World War II brought major changes for Indians and further weakened the Indian New Deal. The exodus of Indians from reservations greatly intensified. An OIA survey, for example, reported that 46,000 Indians found off-reservation employment in 1943 and earned a total of over $40 million. The agency later estimated that 24,521 Indian men and women served in the military. The migration of Indians during the war unquestionably played a major role in the postwar movement to cities.
The war, however, had devastating effects on the New Deal programs. Although Collier desperately tried and failed to make his agency relevant to the war, the OIA was moved to Chicago. Serious budget cuts, the disbanding of emergency programs, and shortages of doctors, nurses, teachers, and other personnel hampered operations. Collier's problems with congressional opponents continued, and in June 1943 the Senate Indian Affairs Committee released Partial Report 310, which contained a scathing attack on the Collier administration. Worn down and frustrated, Collier resigned on January 19, 1945.
Scholars have studied the Indian New Deal extensively but thus far no real consensus has emerged.
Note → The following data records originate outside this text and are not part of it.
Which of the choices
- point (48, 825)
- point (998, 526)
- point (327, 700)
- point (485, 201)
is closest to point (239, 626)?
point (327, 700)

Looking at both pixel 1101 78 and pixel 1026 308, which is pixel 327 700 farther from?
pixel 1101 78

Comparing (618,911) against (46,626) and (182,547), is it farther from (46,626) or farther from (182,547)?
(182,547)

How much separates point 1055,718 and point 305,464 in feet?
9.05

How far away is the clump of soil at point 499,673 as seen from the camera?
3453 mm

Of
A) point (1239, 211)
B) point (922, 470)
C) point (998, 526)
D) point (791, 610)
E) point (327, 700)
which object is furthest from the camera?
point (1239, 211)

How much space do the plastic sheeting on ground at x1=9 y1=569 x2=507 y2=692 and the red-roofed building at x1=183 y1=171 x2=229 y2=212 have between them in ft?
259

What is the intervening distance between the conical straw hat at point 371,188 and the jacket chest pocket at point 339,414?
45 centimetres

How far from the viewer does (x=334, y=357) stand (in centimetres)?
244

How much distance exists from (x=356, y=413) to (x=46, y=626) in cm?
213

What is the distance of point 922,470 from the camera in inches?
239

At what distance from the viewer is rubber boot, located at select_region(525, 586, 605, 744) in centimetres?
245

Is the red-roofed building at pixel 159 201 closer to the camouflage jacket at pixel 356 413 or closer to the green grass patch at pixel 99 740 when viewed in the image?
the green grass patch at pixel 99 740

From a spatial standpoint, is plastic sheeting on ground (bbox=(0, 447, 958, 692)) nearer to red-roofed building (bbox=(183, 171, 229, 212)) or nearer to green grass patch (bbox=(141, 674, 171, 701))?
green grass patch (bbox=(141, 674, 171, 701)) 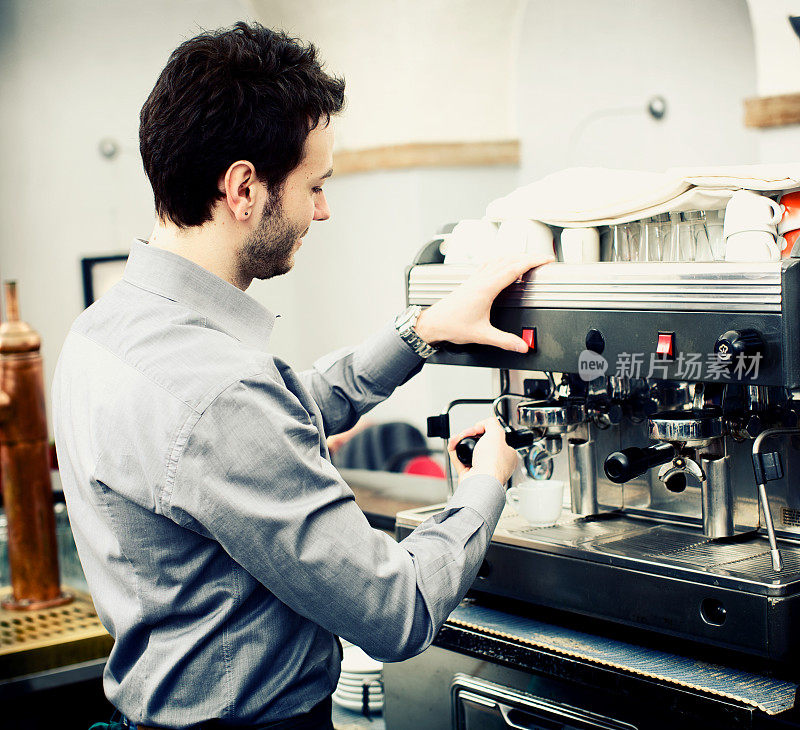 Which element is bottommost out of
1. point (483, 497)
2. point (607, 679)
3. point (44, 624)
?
point (44, 624)

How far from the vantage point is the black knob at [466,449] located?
1.52m

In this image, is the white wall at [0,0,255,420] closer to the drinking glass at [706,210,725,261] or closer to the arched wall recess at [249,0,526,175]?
the arched wall recess at [249,0,526,175]

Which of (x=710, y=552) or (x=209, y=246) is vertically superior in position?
(x=209, y=246)

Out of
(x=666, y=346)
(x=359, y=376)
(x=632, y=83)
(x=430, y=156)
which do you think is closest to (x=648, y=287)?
(x=666, y=346)

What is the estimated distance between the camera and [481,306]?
5.16 ft

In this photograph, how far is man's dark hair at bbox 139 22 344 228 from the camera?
1217 mm

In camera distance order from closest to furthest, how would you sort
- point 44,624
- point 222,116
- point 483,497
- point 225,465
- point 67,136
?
point 225,465, point 222,116, point 483,497, point 44,624, point 67,136

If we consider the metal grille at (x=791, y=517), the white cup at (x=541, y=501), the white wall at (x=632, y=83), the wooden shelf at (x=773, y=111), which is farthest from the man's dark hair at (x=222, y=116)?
the white wall at (x=632, y=83)

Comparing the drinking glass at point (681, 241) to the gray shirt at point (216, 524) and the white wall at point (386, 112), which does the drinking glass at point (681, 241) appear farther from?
the white wall at point (386, 112)

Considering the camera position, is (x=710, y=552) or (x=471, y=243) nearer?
(x=710, y=552)

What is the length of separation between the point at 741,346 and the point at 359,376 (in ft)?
2.55

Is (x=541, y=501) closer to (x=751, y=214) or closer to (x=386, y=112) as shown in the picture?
(x=751, y=214)

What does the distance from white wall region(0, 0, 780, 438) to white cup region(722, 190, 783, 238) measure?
3.18m

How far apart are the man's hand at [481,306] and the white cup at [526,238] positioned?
0.20 feet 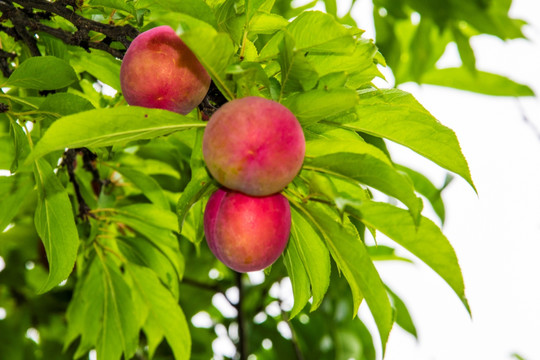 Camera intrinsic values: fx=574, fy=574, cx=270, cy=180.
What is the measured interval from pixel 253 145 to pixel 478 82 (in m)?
1.55

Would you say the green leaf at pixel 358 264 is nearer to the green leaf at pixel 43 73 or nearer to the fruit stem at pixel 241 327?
the green leaf at pixel 43 73

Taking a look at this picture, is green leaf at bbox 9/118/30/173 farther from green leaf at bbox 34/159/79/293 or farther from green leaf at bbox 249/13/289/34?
green leaf at bbox 249/13/289/34

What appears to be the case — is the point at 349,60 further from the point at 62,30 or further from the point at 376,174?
the point at 62,30

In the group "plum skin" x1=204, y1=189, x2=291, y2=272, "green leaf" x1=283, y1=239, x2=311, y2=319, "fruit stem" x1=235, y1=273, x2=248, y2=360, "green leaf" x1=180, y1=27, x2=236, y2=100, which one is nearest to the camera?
"green leaf" x1=180, y1=27, x2=236, y2=100

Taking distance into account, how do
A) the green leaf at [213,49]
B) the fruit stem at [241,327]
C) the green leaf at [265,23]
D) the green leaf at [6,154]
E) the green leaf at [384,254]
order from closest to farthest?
the green leaf at [213,49], the green leaf at [265,23], the green leaf at [6,154], the fruit stem at [241,327], the green leaf at [384,254]

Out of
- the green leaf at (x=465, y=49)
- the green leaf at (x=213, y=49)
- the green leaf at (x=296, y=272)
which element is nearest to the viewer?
the green leaf at (x=213, y=49)

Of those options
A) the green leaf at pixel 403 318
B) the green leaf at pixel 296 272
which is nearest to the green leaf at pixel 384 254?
the green leaf at pixel 403 318

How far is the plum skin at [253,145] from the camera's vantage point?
2.38ft

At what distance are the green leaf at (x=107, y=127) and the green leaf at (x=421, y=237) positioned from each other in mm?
293

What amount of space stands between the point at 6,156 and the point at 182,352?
0.64 m

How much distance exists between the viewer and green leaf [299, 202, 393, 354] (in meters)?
0.84

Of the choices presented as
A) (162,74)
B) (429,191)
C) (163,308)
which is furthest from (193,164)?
(429,191)

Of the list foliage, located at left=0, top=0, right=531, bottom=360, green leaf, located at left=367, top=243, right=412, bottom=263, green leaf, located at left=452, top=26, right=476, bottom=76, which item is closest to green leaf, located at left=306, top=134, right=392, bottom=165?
foliage, located at left=0, top=0, right=531, bottom=360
Clearly Collier's ability to secure emergency funds not only helped Indians survive the Depression, but government jobs provided many Indians with work skills that they used in outside employment during World War II. Accomplishments relating to gains in self-government, the preservation of Indian cultural heritages, and the achieving of self-support are less clear cut. Some Indians actively hated Collier. The Navajos, for example, never forgave him for livestock reductions aimed at checking overgrazing. Perhaps evaluation of the Indian New Deal requires looking at each reservation and evaluating such factors as the availability of resources, the competence of tribal leaders, and the role played by the superintendent and his staff.
Collier, John. From Every Zenith: A Memoir and Some Essays on Life and Thought. 1963.
Kelly, Lawrence C. "The Indian Reorganization Act: The Dream and the Reality." Pacific Historical Review 44 (1975): 291–312.
Parman, Donald L. The Navajos and the New Deal. 1976.
Prucha, Francis Paul. The Great Father: The United States Government and the American Indians, Vol. 2. 1984.
Rusco, Elmer R. A Fateful Time: The Background and Legislative History of the Indian Reorganization Act. 2000.